About this task: Could you print only the lines from the one containing "Жени Раданова носи" through the end of the listing below, unchanged?
[Opening Exercise data section]
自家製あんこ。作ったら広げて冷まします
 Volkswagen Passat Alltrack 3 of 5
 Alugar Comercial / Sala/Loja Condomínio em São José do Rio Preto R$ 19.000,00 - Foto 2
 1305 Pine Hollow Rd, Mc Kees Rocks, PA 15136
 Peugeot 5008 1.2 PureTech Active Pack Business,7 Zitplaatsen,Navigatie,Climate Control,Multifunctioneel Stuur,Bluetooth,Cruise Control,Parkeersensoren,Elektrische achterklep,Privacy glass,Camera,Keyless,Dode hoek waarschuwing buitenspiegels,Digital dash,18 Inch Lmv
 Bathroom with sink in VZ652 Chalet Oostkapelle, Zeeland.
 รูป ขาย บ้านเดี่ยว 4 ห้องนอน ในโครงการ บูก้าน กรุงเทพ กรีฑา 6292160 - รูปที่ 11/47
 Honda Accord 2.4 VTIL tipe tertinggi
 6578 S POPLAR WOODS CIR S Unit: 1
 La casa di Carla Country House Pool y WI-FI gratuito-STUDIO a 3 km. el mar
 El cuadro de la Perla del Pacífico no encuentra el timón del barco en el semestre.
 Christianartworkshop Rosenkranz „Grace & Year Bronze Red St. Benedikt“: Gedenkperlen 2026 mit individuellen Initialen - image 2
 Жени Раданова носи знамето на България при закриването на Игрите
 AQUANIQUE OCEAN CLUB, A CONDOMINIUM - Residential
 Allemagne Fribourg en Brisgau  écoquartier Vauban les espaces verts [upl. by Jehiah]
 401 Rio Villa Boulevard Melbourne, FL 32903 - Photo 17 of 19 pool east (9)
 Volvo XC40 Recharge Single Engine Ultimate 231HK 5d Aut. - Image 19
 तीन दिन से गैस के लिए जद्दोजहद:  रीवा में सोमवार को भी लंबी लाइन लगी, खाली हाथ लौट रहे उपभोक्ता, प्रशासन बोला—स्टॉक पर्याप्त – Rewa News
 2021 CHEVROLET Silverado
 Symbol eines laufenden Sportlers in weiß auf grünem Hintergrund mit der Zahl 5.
[Closing Exercise data section]
Completed task:
 Жени Раданова носи знамето на България при закриването на Игрите
 AQUANIQUE OCEAN CLUB, A CONDOMINIUM - Residential
 Allemagne Fribourg en Brisgau  écoquartier Vauban les espaces verts [upl. by Jehiah]
 401 Rio Villa Boulevard Melbourne, FL 32903 - Photo 17 of 19 pool east (9)
 Volvo XC40 Recharge Single Engine Ultimate 231HK 5d Aut. - Image 19
 तीन दिन से गैस के लिए जद्दोजहद:  रीवा में सोमवार को भी लंबी लाइन लगी, खाली हाथ लौट रहे उपभोक्ता, प्रशासन बोला—स्टॉक पर्याप्त – Rewa News
 2021 CHEVROLET Silverado
 Symbol eines laufenden Sportlers in weiß auf grünem Hintergrund mit der Zahl 5.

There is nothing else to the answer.